Official report recommends significant increases in Capital Gains Tax
A report from the Office for Tax Simplification (OTS) has recommended that ministers consider bringing rates of Capital Gains Tax (CGT) into line with Income Tax or consider addressing ‘boundary issues’ between CGT and Income Tax.
The report also recommends:
- Wide-ranging reductions in reliefs and allowances; and
- Less generous treatment of gains resulting from inherited assets;
- Reducing the threshold to £5,000.
CGT is levied at 10 per cent for basic rate taxpayers and 20 per cent for higher or additional rate taxpayers on gains from the disposal of assets worth £12,300 (£6,150 for trusts) or more at market value, including most personal possessions worth £6,000 or more, shares and business assets.
Property that is not a person’s main home and main homes that have been let out, used for business or which are very large are also subject to CGT but at 18 per cent for basic rate taxpayers and 28 per cent for higher or additional rate taxpayers.
Basic rate taxpayers must pay CGT at the higher rates on the value of any gains above the higher rate threshold of £50,000 a year.
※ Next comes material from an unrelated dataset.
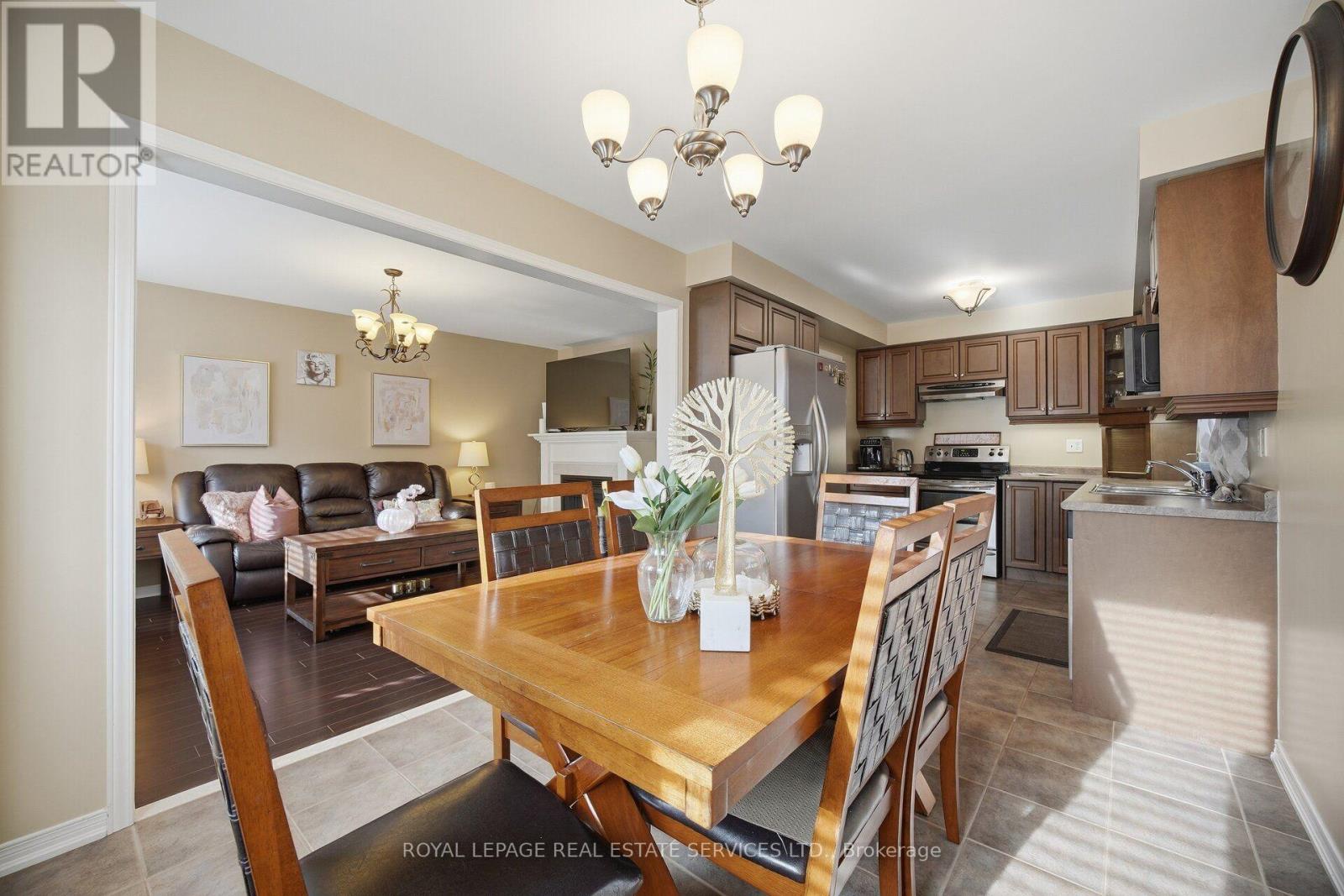 332 Duncan Lane North, Milton, ON photo 16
Moving CGT in line with Income Tax would mean that basic rate taxpayers would pay 20 per cent of gains, rather than 10 or 18 per cent. Higher rate taxpayers would pay 40 per cent on gains, rather than 20 per cent or 28 per cent. Additional rate taxpayers would pay 45 per cent on gains, rather than 20 or 28 per cent.
Meanwhile, reducing the threshold from £12,300 to £5,000 would mean many more taxpayers would be subject to CGT and those who would already have to pay CGT would have to do so on a greater proportion of their income from disposals.
Should the Chancellor opt to implement recommendations from the report, it is likely that they would particularly affect landlords, small business owners, investors and second home owners.
The OTS report will add fuel to mounting speculation that CGT could be in the Chancellor’s sights, potentially as soon as the Budget in March, as he looks to plug the hole in the public finances following the Coronavirus crisis.
A recent report from the Institute for Fiscal Studies (IFS) said that it is ‘all but inevitable’ that there will be tax rises of more than £40 billion a year by the middle of the decade.
The growing consensus that there will be substantial tax rises in the coming years means careful tax planning that takes into account your whole financial position is more important than ever.